Playwright: Kevin CrowleyAt: Athenaeum, 2936 N. Southport
Phone: (312) 902-1500; $13-$16
Runs through: Nov. 23
It doesn’t take a major stroke of creativity to come up with the United States Post Office as a place of simmering hostility and perhaps even psychosis. And it isn’t much a stretch to build a dark comedy around the premise of ‘going postal.’ Stretch or not, this is what Second City veteran and LA resident Kevin Crowley has opted to do. The real question is: can Crowley deliver when the premise is actually bordering on stale?
And the answer is probably not. Friday night’s final preview of the show demonstrated a need for some serious cutting and tightening. disgruntled employees (sic), in order to succeed, needs to be whipsmart, cutting quickly to the bone.

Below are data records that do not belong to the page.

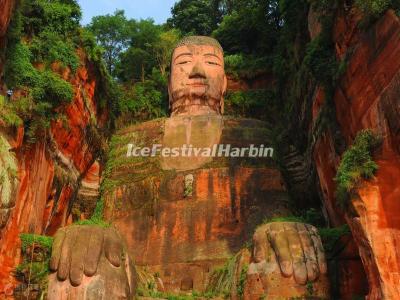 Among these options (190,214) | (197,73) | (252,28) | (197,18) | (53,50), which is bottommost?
(190,214)

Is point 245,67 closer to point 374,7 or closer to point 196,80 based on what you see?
point 196,80

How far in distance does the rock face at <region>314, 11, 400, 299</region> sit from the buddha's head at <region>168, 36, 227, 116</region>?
7988 millimetres

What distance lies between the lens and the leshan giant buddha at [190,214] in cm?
Result: 1059

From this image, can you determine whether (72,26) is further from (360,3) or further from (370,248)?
(370,248)

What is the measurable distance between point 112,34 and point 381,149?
20.7 metres

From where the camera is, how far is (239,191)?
1520 centimetres

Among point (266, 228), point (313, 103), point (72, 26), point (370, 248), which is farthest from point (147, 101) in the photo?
point (370, 248)

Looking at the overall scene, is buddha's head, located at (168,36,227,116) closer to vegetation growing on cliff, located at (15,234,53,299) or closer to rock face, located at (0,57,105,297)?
rock face, located at (0,57,105,297)

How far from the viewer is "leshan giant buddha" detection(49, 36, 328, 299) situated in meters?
10.6

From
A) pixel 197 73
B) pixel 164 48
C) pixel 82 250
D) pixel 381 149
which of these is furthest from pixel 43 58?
pixel 164 48

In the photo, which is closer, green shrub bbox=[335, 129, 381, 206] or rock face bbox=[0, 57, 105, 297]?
green shrub bbox=[335, 129, 381, 206]

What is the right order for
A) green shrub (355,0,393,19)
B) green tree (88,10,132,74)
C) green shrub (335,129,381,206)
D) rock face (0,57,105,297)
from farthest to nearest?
green tree (88,10,132,74), rock face (0,57,105,297), green shrub (355,0,393,19), green shrub (335,129,381,206)

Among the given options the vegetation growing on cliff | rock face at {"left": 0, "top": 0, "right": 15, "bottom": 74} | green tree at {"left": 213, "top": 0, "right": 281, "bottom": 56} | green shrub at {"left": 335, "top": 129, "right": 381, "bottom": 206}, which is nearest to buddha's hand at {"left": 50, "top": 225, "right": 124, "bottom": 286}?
the vegetation growing on cliff

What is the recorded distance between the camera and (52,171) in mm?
14000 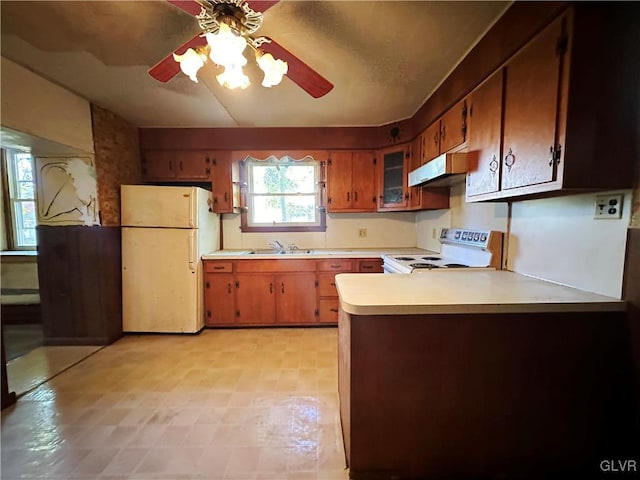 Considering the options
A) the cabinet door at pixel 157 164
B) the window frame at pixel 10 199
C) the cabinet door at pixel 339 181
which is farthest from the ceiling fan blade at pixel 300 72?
the window frame at pixel 10 199

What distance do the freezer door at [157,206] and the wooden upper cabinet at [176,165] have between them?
47cm

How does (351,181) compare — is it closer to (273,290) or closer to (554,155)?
(273,290)

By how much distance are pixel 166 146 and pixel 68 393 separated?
253cm

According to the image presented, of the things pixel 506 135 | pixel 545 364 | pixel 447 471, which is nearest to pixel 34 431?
pixel 447 471

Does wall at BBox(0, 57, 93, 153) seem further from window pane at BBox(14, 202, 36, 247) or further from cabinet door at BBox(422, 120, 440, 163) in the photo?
cabinet door at BBox(422, 120, 440, 163)

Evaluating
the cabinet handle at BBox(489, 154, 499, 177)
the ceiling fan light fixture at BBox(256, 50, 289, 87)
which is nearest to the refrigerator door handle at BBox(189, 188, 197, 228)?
the ceiling fan light fixture at BBox(256, 50, 289, 87)

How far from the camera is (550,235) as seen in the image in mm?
1562

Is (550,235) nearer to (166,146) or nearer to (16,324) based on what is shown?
(166,146)

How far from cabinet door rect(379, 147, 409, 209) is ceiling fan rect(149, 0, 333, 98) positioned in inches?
70.2

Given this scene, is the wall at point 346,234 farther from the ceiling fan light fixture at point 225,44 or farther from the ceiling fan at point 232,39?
the ceiling fan light fixture at point 225,44

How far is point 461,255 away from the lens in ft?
7.95

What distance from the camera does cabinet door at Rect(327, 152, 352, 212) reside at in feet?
11.0

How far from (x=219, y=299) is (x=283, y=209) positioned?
4.42 ft

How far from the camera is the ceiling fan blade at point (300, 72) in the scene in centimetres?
143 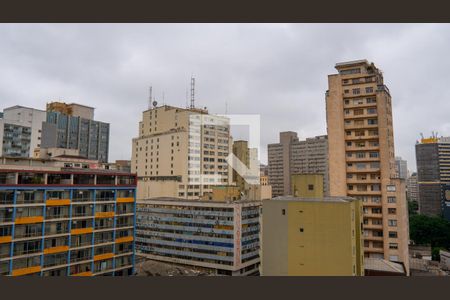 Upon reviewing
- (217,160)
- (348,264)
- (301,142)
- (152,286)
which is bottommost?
(348,264)

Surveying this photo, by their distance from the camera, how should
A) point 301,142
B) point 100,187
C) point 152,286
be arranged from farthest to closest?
1. point 301,142
2. point 100,187
3. point 152,286

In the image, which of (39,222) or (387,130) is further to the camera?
(387,130)

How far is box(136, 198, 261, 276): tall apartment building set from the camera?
30047mm

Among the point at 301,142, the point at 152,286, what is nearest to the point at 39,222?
the point at 152,286

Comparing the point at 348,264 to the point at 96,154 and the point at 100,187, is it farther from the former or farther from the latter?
the point at 96,154

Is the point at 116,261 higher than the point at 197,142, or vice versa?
the point at 197,142

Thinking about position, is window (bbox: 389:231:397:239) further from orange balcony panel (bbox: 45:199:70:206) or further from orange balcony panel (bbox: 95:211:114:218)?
orange balcony panel (bbox: 45:199:70:206)

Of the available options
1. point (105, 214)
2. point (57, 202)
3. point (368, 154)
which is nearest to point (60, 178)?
point (57, 202)

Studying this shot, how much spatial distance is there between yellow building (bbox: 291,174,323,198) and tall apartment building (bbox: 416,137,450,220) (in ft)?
193

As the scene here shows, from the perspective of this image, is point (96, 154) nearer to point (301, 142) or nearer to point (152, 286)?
point (301, 142)

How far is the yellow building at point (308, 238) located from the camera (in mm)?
14586

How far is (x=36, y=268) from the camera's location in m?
19.7

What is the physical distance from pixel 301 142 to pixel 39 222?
66.3 metres

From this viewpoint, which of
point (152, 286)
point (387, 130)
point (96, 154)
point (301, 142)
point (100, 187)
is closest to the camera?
point (152, 286) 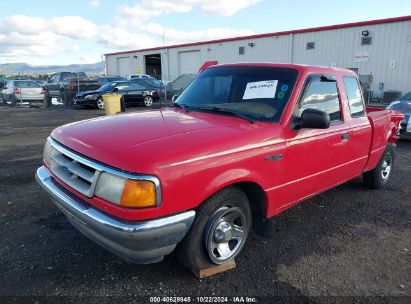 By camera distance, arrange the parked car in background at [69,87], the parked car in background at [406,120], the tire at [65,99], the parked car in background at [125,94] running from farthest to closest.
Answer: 1. the parked car in background at [69,87]
2. the tire at [65,99]
3. the parked car in background at [125,94]
4. the parked car in background at [406,120]

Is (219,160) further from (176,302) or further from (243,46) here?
(243,46)

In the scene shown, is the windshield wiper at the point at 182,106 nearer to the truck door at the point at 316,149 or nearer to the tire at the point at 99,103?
the truck door at the point at 316,149

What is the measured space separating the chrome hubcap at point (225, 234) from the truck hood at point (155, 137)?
0.58 metres

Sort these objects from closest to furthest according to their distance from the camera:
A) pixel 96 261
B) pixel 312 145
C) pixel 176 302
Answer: pixel 176 302 < pixel 96 261 < pixel 312 145

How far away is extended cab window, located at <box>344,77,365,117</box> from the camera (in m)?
4.49

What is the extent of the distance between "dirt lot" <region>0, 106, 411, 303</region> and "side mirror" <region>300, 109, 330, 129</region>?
1311 mm

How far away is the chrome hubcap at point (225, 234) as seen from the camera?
293 centimetres

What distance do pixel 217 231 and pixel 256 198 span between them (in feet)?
1.85

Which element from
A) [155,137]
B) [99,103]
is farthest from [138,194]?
[99,103]

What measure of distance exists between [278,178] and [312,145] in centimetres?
60

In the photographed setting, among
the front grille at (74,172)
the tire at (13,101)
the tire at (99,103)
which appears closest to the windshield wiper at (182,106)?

This is dark, dark humor, poking fun at issues like murder, denial, love, and the American work ethic, or what remains of it in the bowels of the post office. But Crowley has chosen to go the easy route: are jokes about postal workers damaging and even destroying our mail all that fresh or original? Is having a sorting room full of civil servants that ‘can never be fired’ turn on each other in resentment and fear a new idea?
disgruntled employees focuses on Mr. Barcroft (Steve Emily) the hapless middle manager who presides over the sorting room and its collection of loonies, each loony in his own way. There’s the newly hired Lubbock Czar (James Foster), who, in spite of describing himself as a drifter and a loner and who may have been responsible for some frightening violence in the past, is welcomed aboard by Barcroft on the grounds of some rather fragile family connections. Alex (Nick Lewis) is the milquetoast worker, prone to tears and high-pitched startled deliveries, but who may harbor the most strength of them all (who would have guessed?). Valentine (Carrie Chantler), overweight and perky, is obsessed with cats and finding a man who will shore up her notion of wedded bliss and give her a baby. And last, we have Gus (Thomas Edson McElroy), a bundle of resentment and pique, who is a human time bomb, waiting to explode at the mere mention of yet another promotion that doesn’t bear his name.
Crowley’s story focuses mostly on the interactions of the workers, and shows how their relationships and conflicts are part of a downward spiral that will end in tragedy. Along the way, the good things about disgruntled employees shine: its crazy inner logic, its natural and individual dialogue peppered with invective that can be very funny, and its performances by an ensemble that bring their characters to cartoonish life.
If only disgruntled employees would have tried for a darker edge and comedy that bites rather than going for easy, obvious jokes, it might have been a winner. If only the show had stopped at its very dramatic, shocking, and logical climax, it might have left one with the feeling that something important had just occurred. Instead the playwright decided to go on for another five minutes finishing out a subplot that is just plain stupid and diluting what might have been a very powerful ending. disgruntled employees isn’t without promise, but it needs to be packaged better than this to really deliver.